The study provides a first comprehensive evaluation of modern large language models (GPT-4/4o/3.5-Turbo, Gemini 1.5 Pro, DeepSeek-V3, Llama 3.2, and BERT) on three social media analytics tasks using an X (Twitter) dataset.
For authorship verification, the authors introduce a systematic sampling framework and test generalization on newly collected tweets from January 2024 onward to reduce “seen-data” bias.
For post generation, the work evaluates how well LLMs can generate authentic, user-like content using comprehensive quantitative metrics and a user study focused on perceived authenticity conditioned on users’ own writing.
For user attribute inference, the authors annotate occupations and interests with standardized taxonomies (IAB Tech Lab 2023 and U.S. SOC 2018) and benchmark LLM performance against existing baselines.
The paper contributes unified, reproducible benchmarks and states that code and data will be made publicly available with publication.
(Note: The original request asks for 3-5 bullets; the article’s content spans more than 4 distinct aspects, so I included 5 bullets.)

Abstract

In this study, we present the first comprehensive evaluation of modern LLMs - including GPT-4, GPT-4o, GPT-3.5-Turbo, Gemini 1.5 Pro, DeepSeek-V3, Llama 3.2, and BERT - across three core social media analytics tasks on a Twitter (X) dataset: (I) Social Media Authorship Verification, (II) Social Media Post Generation, and (III) User Attribute Inference.

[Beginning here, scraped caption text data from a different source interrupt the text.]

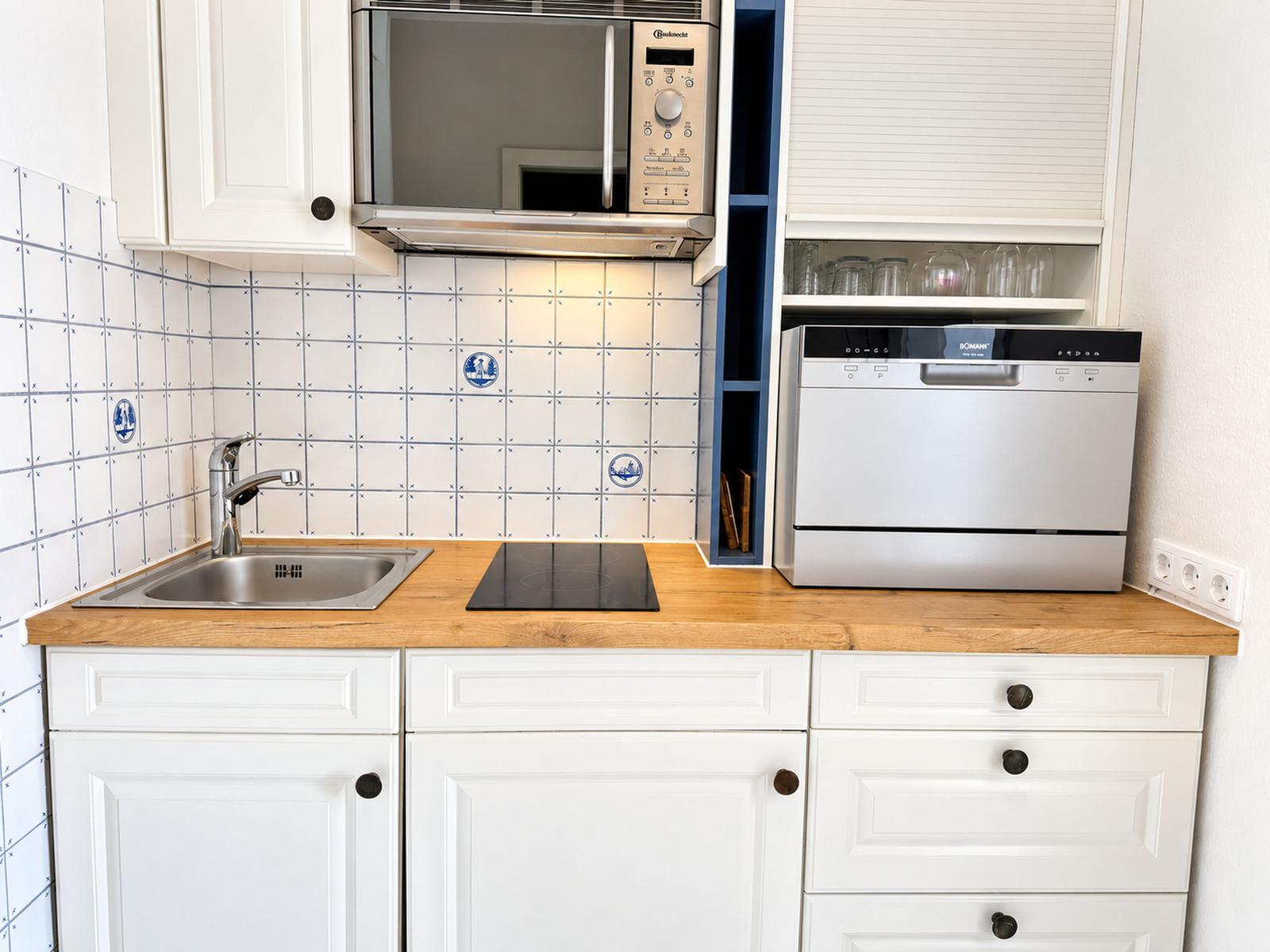 Küchenzeile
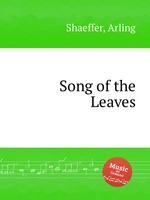 Song of the Leaves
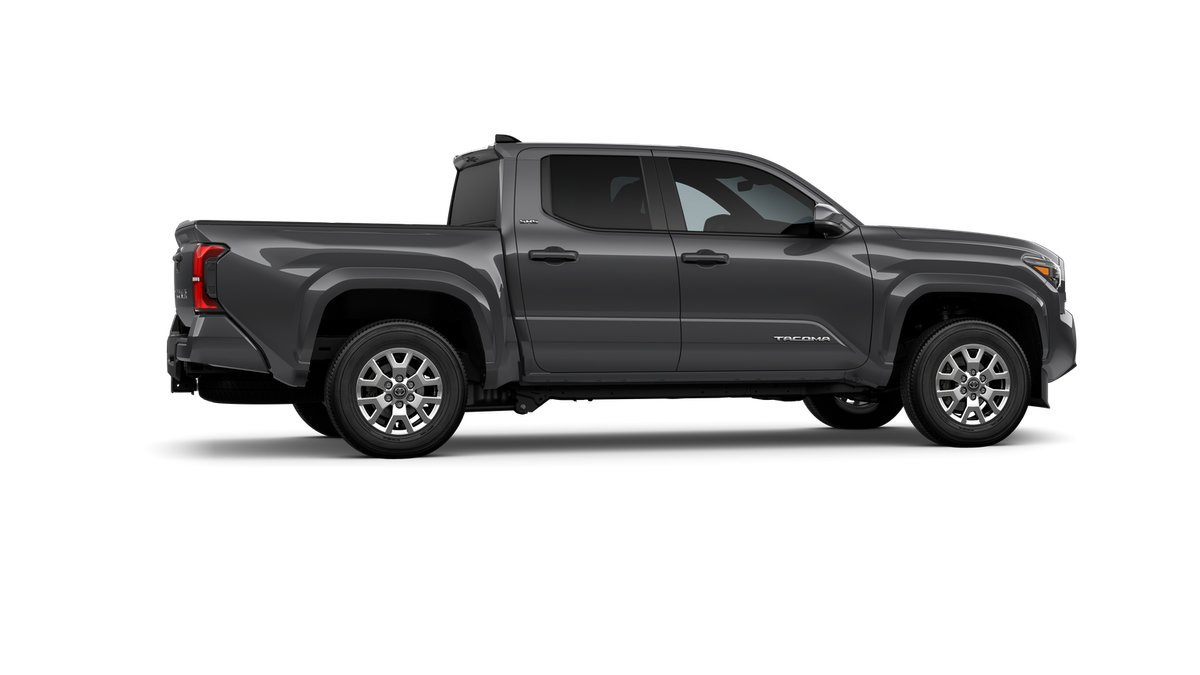 New 2026 Underground Toyota SR5 image 34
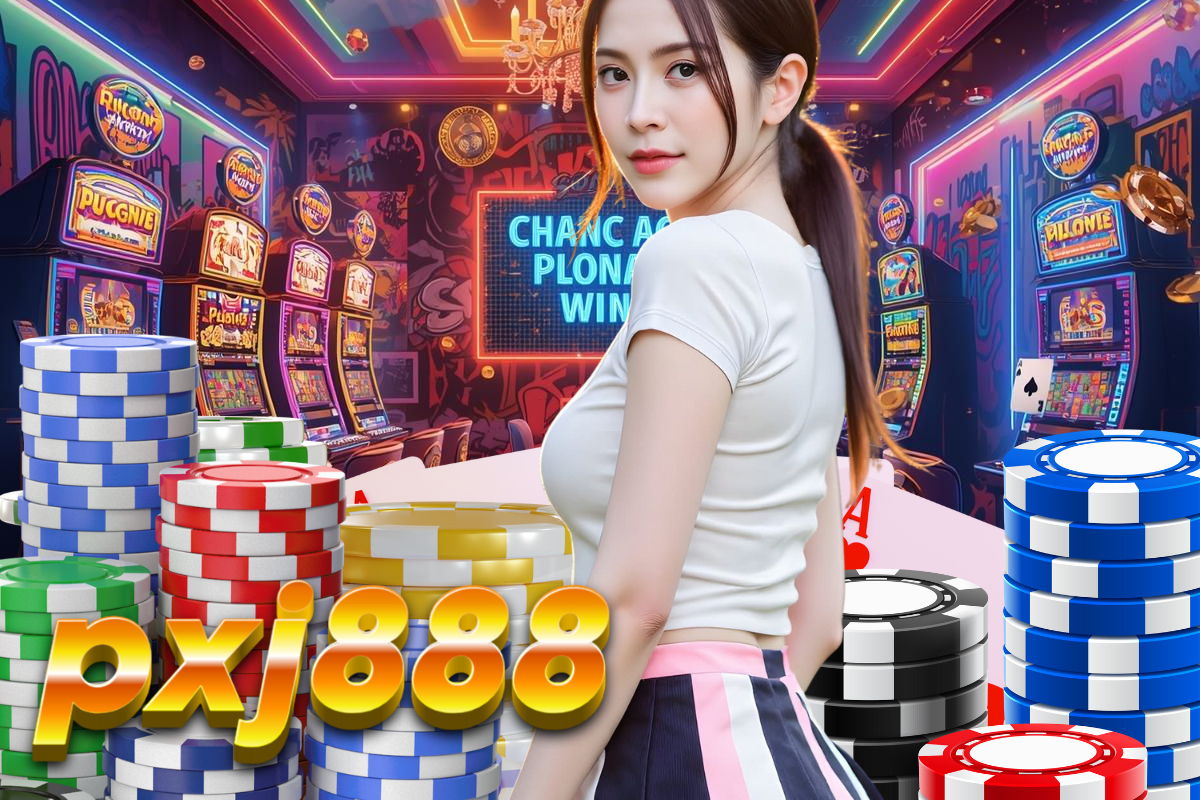 pxj888 slot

For the authorship verification, we introduce a systematic sampling framework over diverse user and post selection strategies and evaluate generalization on newly collected tweets from January 2024 onward to mitigate "seen-data" bias. For post generation, we assess the ability of LLMs to produce authentic, user-like content using comprehensive evaluation metrics. Bridging Tasks I and II, we conduct a user study to measure real users' perceptions of LLM-generated posts conditioned on their own writing. For attribute inference, we annotate occupations and interests using two standardized taxonomies (IAB Tech Lab 2023 and 2018 U.S. SOC) and benchmark LLMs against existing baselines. Overall, our unified evaluation provides new insights and establishes reproducible benchmarks for LLM-driven social media analytics. The code and data are provided in the supplementary material and will also be made publicly available upon publication.